Question

A parallel beam of light travelling in water (Refractive index$\dfrac{4}{3}$) is refracted by a spherical air bubble of radius 2mm situated in water. Assuming the light ray to be paraxial, Find out the distance between a final image from the centre of the bubble in mm.

Answer 1

Hint: Recall the equations of refraction through spherical surfaces.

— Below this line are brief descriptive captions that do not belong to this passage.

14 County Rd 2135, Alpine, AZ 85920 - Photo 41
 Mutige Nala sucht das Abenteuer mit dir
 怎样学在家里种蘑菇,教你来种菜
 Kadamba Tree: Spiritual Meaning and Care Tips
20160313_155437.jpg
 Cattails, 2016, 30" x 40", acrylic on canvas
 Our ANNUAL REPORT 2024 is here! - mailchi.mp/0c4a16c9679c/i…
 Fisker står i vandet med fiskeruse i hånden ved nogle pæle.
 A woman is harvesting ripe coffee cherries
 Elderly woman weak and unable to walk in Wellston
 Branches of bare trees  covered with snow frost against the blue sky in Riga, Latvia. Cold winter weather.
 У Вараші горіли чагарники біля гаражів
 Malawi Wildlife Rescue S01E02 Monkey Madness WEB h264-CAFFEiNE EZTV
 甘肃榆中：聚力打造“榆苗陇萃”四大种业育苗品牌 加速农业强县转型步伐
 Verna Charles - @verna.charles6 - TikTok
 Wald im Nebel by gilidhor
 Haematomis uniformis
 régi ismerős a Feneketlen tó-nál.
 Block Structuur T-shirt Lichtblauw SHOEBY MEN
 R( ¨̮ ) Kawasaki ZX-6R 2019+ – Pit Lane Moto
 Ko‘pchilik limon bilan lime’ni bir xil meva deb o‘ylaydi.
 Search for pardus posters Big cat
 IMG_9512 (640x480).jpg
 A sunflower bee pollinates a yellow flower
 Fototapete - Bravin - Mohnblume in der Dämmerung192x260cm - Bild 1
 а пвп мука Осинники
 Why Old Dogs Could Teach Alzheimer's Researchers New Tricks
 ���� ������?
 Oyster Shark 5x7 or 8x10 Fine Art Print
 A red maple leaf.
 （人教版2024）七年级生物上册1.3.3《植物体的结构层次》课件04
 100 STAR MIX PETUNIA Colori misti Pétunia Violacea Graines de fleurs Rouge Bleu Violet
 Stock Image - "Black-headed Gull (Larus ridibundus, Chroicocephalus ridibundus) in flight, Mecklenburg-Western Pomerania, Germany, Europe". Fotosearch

Use that equation for the two cases as given in the question.
$ \Rightarrow \dfrac{{\mu {}_2}}{v} - \dfrac{{{\mu _1}}}{u} = \dfrac{{\mu {}_2 - {\mu _1}}}{R}$
Where u = object distance, v= Image distance, R=radius of curvature
$\mu {}_2$and$\mu {}_1$ is the refractive index of the two media.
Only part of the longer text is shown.